Something truly extraordinary happened. I actually felt like I was on some kind of drug. As I danced, I began to open up and free some very deep inner emotions. Before his eyes, and his camera, I felt like I became many women, as I moved to the music. He recognized it, and probably played a part in it, simply by his gentle encouragement and his unique, powerful, yet subtle presence. It was as if we danced together. It was a very creative and intimate experience that felt very empowering. I literally felt as if I uncovered parts of myself to myself, with his eyes and camera as my permission. It was the most satisfying creative experience I had had, in many ways. It remained a reference point for me of my emerging self. The photos were in Vogue in 1968, and they received tremendous reaction.

LTY by Avendon for Vogue


1969: The Big Bounce

Starring Leigh Taylor-Young and Ryan O’Neal.

Synopsis: A Vietnam veteran and ex-con is persuaded by a shady woman to rob a $50,000 payroll account on a California produce farm. But who is playing who?

FILMING the Big Bounce

 
The Big Bounce on IMDB
 


1969: The Buttercup Chain

Starring Leigh Taylor-Young, Hywel Bennett, and Jane Asher.
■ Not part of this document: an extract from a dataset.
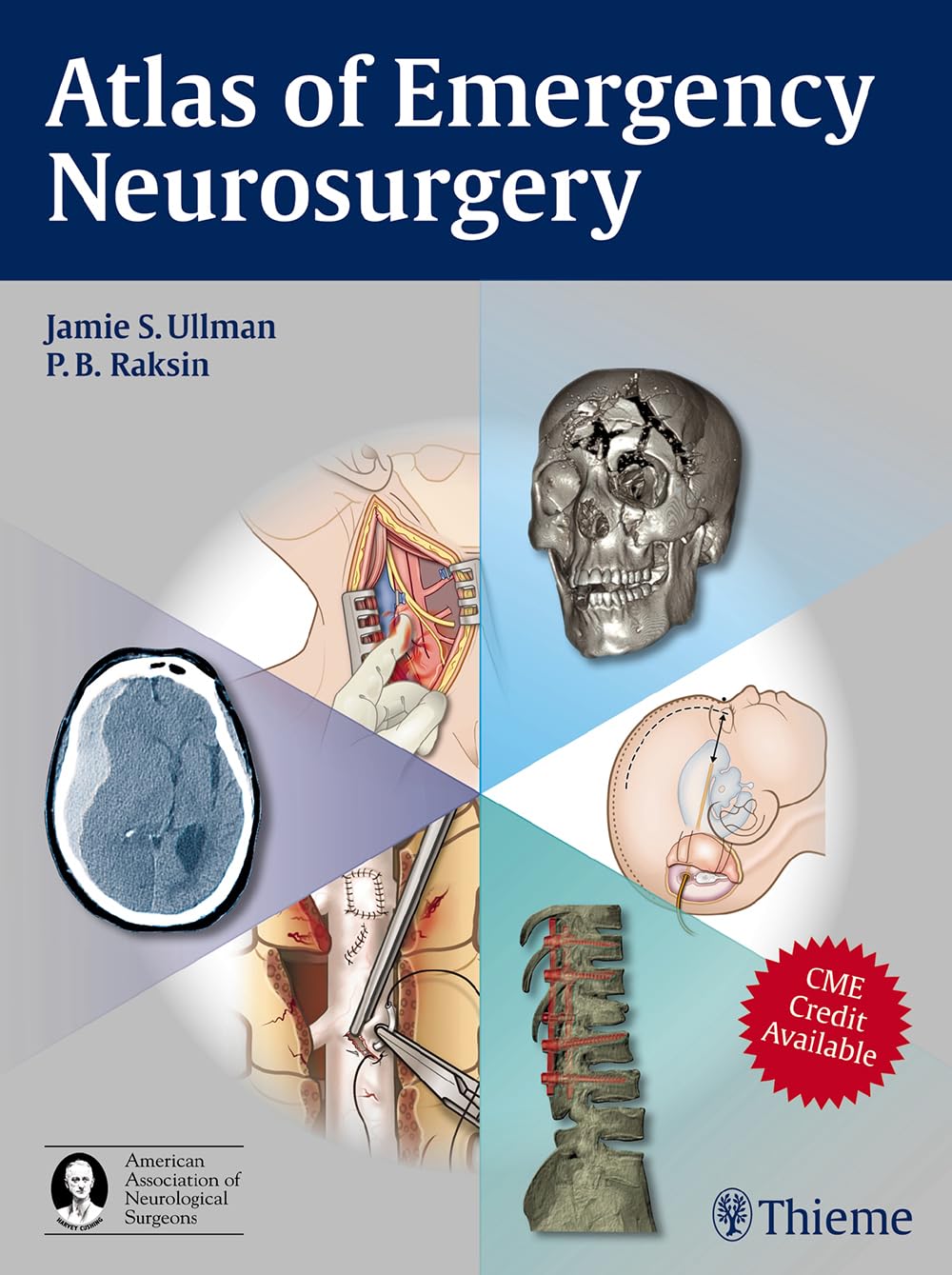 Atlas of Emergency Neurosurgery Medicine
Born to twin sisters on the same day in London, France and Margaret are more like brother and sister than cousins. The close relationship between the cousins is suspended when Margaret is sent abroad for schooling. Now a young woman, Margaret returns to London and resumes her intimate connection with France. Fearing that their relationship could become incestuous, France decides that he and Margaret should take lovers, and chooses Fred, a Swedish architectural student, to be his cousin’s lover. For his mistress, France picks Manny, an American who has had many lovers. The foursome spends a romantic summer interlude at an estate in Spain, where Margaret beds Fred while France takes Manny. Once back in London, however, Manny senses that France is in love with Margaret, and begins to suspect that he is using both Manny and Fred to suppress his own feelings. To spare the unsuspecting Fred, Manny seduces him. Upon discovering that she is pregnant, Manny is uncertain about the paternity of her baby, but nevertheless names Fred as the father. Manny’s former lover, a middle-aged millionaire named George, offers to throw Manny and Fred a lavish wedding reception, but when Manny gives birth on the day of the reception and is forced to miss the celebration, Margaret and France find themselves the sole attendees. Following the wedding and birth, the four friends decide it is best to end their close relationship, and so Fred takes Manny and their baby to live in Sweden, while Margaret leaves for Rome to study art, and France stays behind in London. Some time later, Margaret returns to London after the end of a disastrous love affair, and France suggests that they visit Fred and Manny in Sweden. There they find that Manny and Fred are trapped in an unhappy marriage. Fred, who is still in love with Margaret, takes her on a tour of Sweden while Manny and France rekindle their love affair.